A popular methodology that companies of all sizes and industries are using is Six Sigma. The technique is best known for its ability to reduce product and service quality problems. Although Six Sigma shares objectives with Lean (improved processes, waste reduction, increased productivity and greater customer satisfaction), the methodology is more data-driven, quantitative and statistically based than Lean. Be assured that maintenance departments can benefit from Six Sigma programs.
Statistics reflect reality
Six Sigma provides systematic problem-solving using a variety of statistical tools and analysis. The term “six sigma” comes from the statistics measure of deviation from the mean. For normal distributions, 68% of the population should fall within one standard deviation — one sigma — from the mean. Similarly, 95% and 99.7% falls within two and three sigma, respectively.
Assume a specification calls for a part 1.00 inch in length, with 3 sigma being equal to 0.01 inch. With 3-sigma quality, you’d expect parts to be within spec 99.73% of the time (a defect rate of 2.7 per 1,000 parts). This was the accepted quality benchmark in manufacturing before the emergence of Six Sigma.
However, some companies felt that a 3-sigma standard wasn’t good enough. Motorola, for example, observed that a process could drift by about 1.5 sigma over time. In the example above, this would cause the process mean to range from 0.995 to 1.005, which might represent a significant shift for some customers.
Thus, keeping the data points within an acceptable range required a counterbalancing tightening of tolerance.

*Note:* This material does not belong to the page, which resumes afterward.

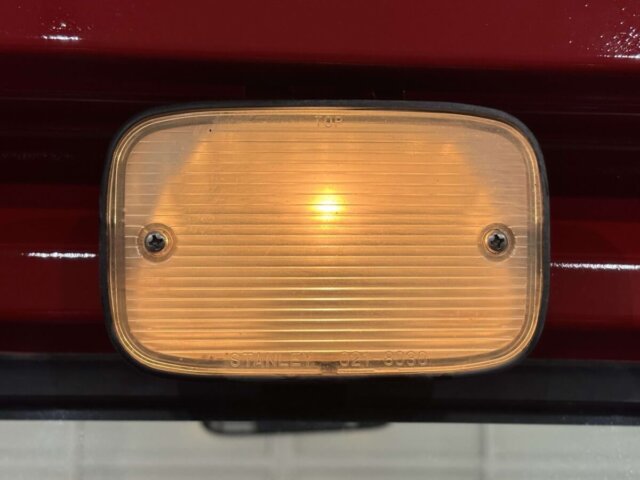 1994 HONDA ACTY TRUCK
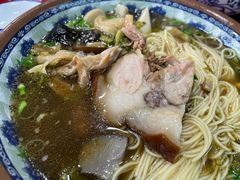 -美味斋(西北街店)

For a 1.5-sigma drift in the mean (half of 3 sigma), the sigma level tolerance would need to be half, or plus/minus 6 sigma.

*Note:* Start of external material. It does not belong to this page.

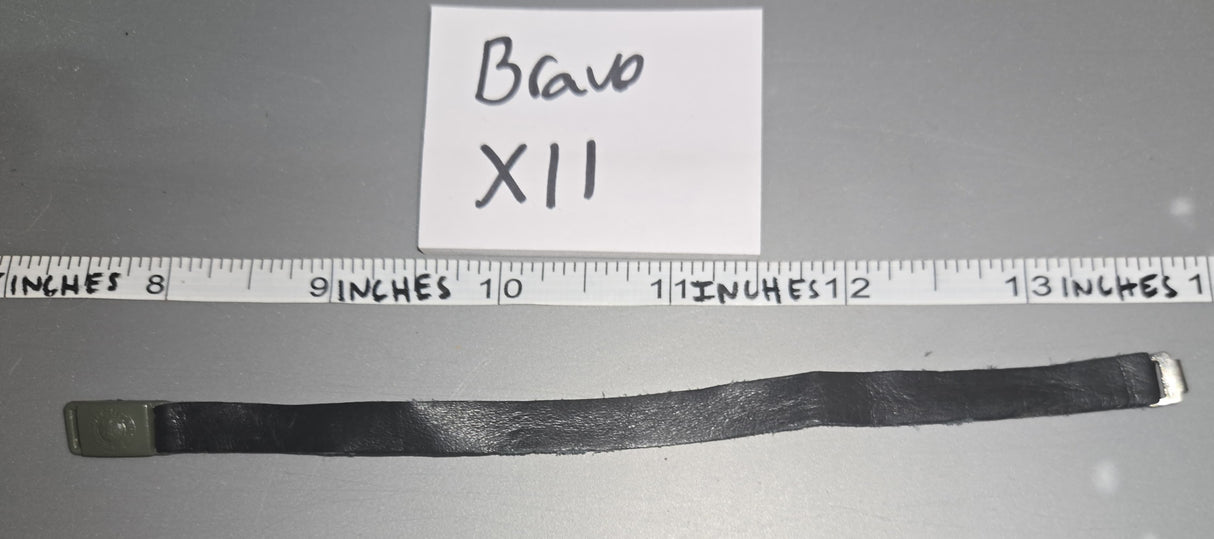 1/6 Scale WWII German Belt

The acceptable Six Sigma tolerance level is 3.4 defects per million opportunities (DPMO), that is to say at least 99.9996599% of data points should fall within plus or minus 6 sigma from the mean. Although this really represents 4.5 sigma in a normal distribution in which the mean doesn’t drift, it’s considered Six Sigma because of the expected 1.5-sigma process shift.
Some experts argue that the 1.5-sigma process shift is more empirical than theoretical. In fact, any process mean that changes as much as 1.5 sigma should be considered statistically out of control, unpredictable and, therefore, at risk of producing defects, regardless of the customer’s specification limits. The good news is that with modern technology such as condition-based monitoring and control software, trends can be tracked for detection and correction of any significant process drift.

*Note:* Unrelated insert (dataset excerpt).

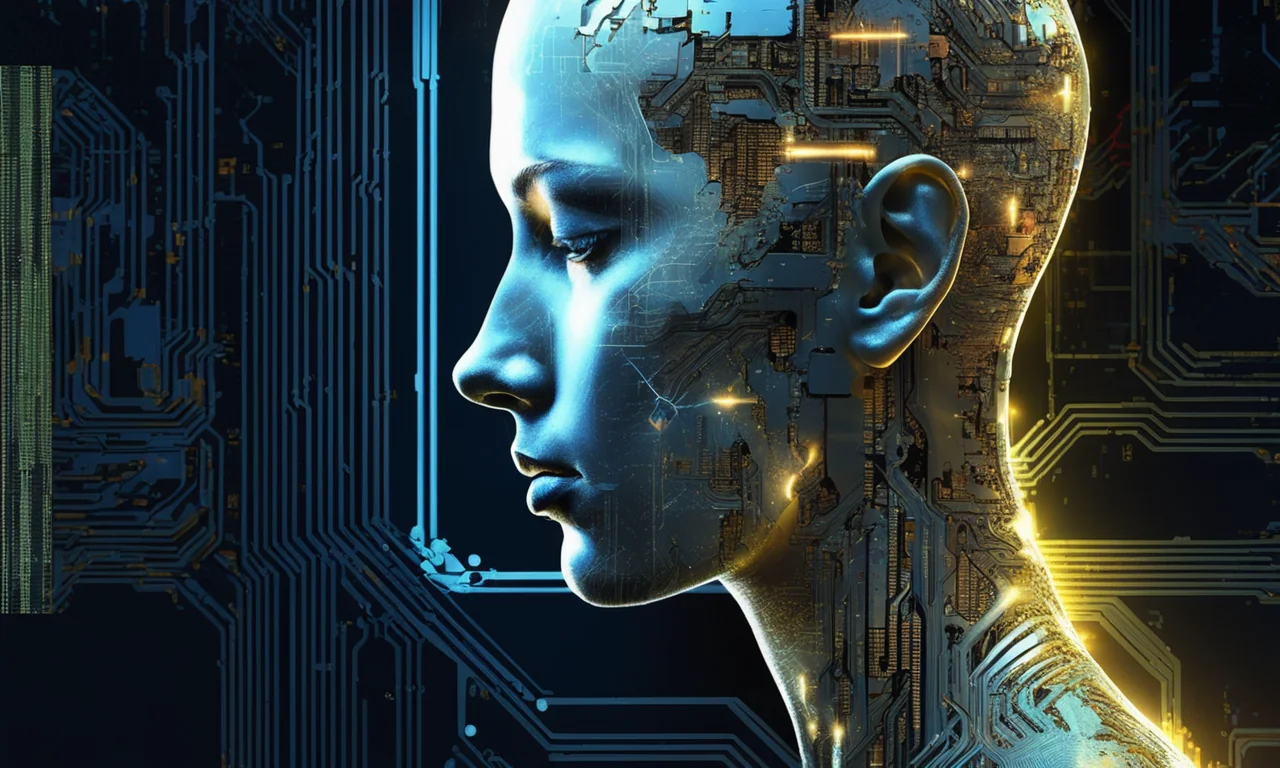 The surge in AI integration reshapes creative industries and tech strategies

Even with countless variations on the theme, there are really two fundamental Six Sigma methodologies: DMAIC and DMADV. Both strive to achieve predictable, defect-free performance, and are similar to Deming’s “Plan-Do-Check-Act” approach. Although the two frameworks have similarities, there are significant differences.
This version — define, measure, analyze, improve and control - is applied to existing substandard business processes. Define establishes goals for improvement in line with customer demands and overall business strategy. This might be hierarchical, such as improved return on capital employed (ROCE) at the overall business strategy level, increased asset performance at the Operations and Maintenance departmental level, and reduced defects at the improvement project level.
Measure refers to tracking data related to the process, using reliable metrics relevant to the goals established in the first step. Analyze involves using statistical tools and root cause analyses to identify ways to minimize the gap between current metrics and the desired goal. Improve means optimizing processes based on analysis, using project management and change-management techniques to ensure effectiveness. Control refers to process monitoring and control to correct variances before defects appear. It requires adjusting policies and procedures, budgets, compensation and incentives, information systems, organizational structure and so on to ensure results sustainability.
This version — define, measure, analyze, design and verify — applies to designing products or processes, or to an existing process that requires more than an incremental improvement. Define determines the design goals in light of customer demands and deliverables. Measure helps determine product, service and process characteristics, as defined by the internal or external customer. It uses actionable and quantifiable business specifications such as design failure mode effects analysis (DFMEA) as part of a reliability-centered maintenance program. It’s a risk assessment.